In order to obtain a stable speed output, the system controller parameters are adjusted to offset the speed fluctuations caused by the change of dynamic parameters. Change the controller parameters to control the system. As shown in Figure 25, under the unit step signal input, the serial manipulator can obtain a stable output under different positions.

Figure 25.

The system output under variable controller parameters.

Design procedure for the variable parameters PI controller

This paper takes the movement processes of the PUMA560 manipulator as an example to illustrate the steps to suppress the robot’s jitter by adjusting the controller parameters, as shown in Figure 7. Firstly, according to the movement processes of the PUMA560 manipulator, it is divided into several positions, as shown in Table 2. Then the parameters such as the inertia of the motor and the serial mechanism of the PUMA560 manipulator are determined under different positions. Next, the appropriate controller parameter setting methods and the optimal natural frequency and damping coefficient of the poles are selected through the inertia ratio. Thus, the proportion and integral coefficients of PI controller under different positions conditions are determined. Finally, according to the time series of the PUMA560 manipulator movement, the controller is changed in order to achieve the best controller parameters.

Table 2.

The PUMA560 manipulator motion division processes.

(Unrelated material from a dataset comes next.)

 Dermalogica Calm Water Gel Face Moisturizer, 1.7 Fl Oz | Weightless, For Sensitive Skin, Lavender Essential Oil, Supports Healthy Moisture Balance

Serial number	The serial mechanism composition	Description
Position 1	Forearm and rear arm are spread horizontally	Forearm and rear arm rotate 120° according to this position. The inertia of the serial mechanism is the largest this time.
Position 2	Forearm upright and rear arm horizontal	Forearm and rear arm rotate 180° according to this position. The inertia of the serial mechanism is moderate.
Position 3	Forearm and rear arm extended vertically	Forearm and rear arm rotate 180° according to this position. The inertia of the serial mechanism is the smallest.

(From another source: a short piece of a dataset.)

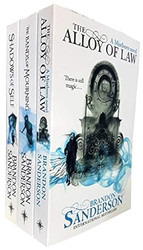 Brandon Sanderson Mistborn Novel Series 3 Books Collection Set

According to Table 2, the motion is divided into three motion paths, corresponding to the working conditions of Position 1, Position 2 and Position 3 in Table 2, respectively. The parameters of the serial manipulator under different working conditions are respectively determined as shown in Table 3. When the serial manipulator is in Position 1, the mass of serial mechanism is large, so low rotation speed is adopted to obtain a large torque to drive the serial manipulator to rotate. According to the inertia ratio, the controller parameters design methods of the serial manipulator servo drive system is selected and the controller parameters are optimized by adjusting natural frequency and damping coefficient of the poles. Finally, the optimal controller parameters are obtained under each position condition.

Table 3.

Position parameters of the PUMA560 manipulator.

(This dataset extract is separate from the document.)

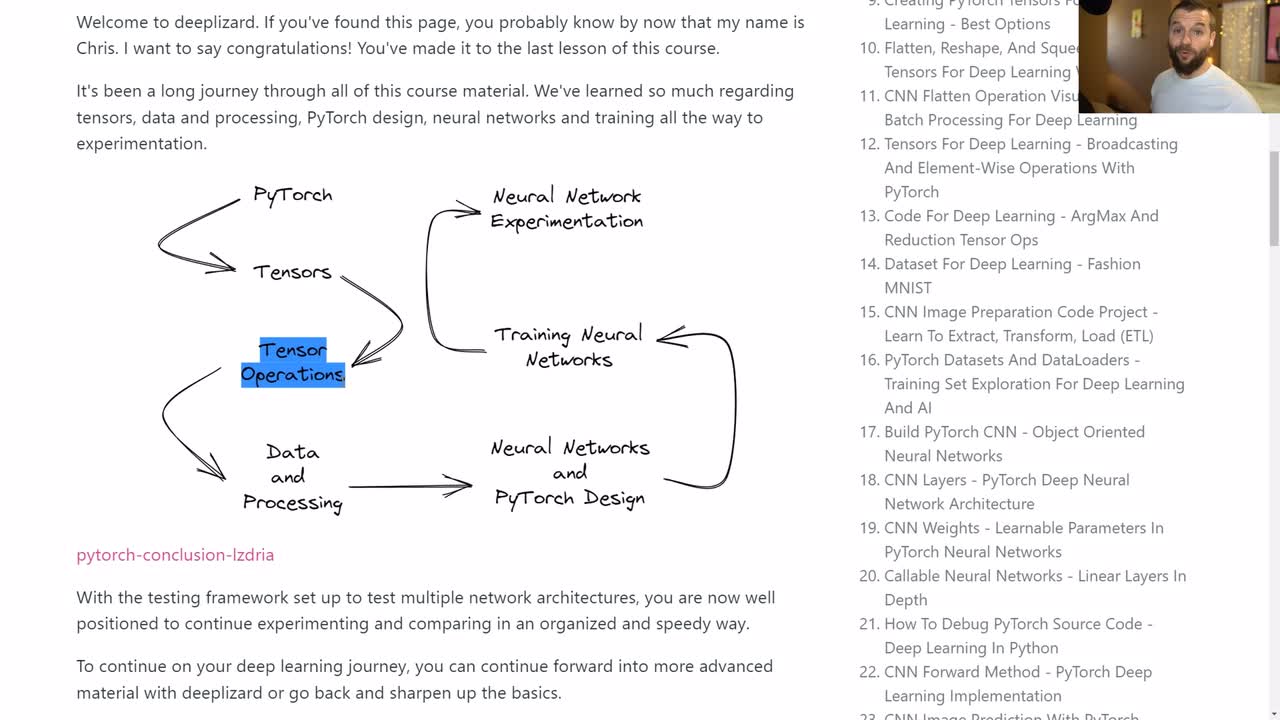 Lesson thumbnail for Deep Learning with PyTorch - Course Conclusion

The parameter name	Position 1	Position 2	Position 3
Serial mechanism inertia $J_{l}$ /kg.m²	$1860 \times 10^{- 6}$	$558 \times 10^{- 6}$	$186 \times 10^{- 6}$
Movement time t/s	45	30	15
Motor angular velocity $ω_{m}$ /rad/s	5	11	22
Degree of serial mechanism $θ_{l}$ /°	120	180	180
Shaft stiffness $K_{s}$ / Nm/rad	305
Motor side inertia $J_{m}$ /kg.m²	$620 \times 10^{- 6}$	$525 \times 10^{- 6}$	$435 \times 10^{- 6}$
Transmitting ratio of the joint $G_{j}$	107.5

In this paper, the simulation experiment of the PUMA560 manipulator in continuous movement is carried out. First, the fixed controller parameters are selected for the experiment to obtain the motor output speed, as shown in Figure 26(a). Next, a variable parameter control strategy is used to carry out experiments to obtain the motor output speed, as shown in Figure 26(b). According to the comparison, under the operating conditions of Position 1 and Position 2, the variable parameter control strategy can reduce the fluctuation of motor output speed and achieve the purpose of vibration suppression.

Figure 26.

The output speed of the PUMA560 manipulator.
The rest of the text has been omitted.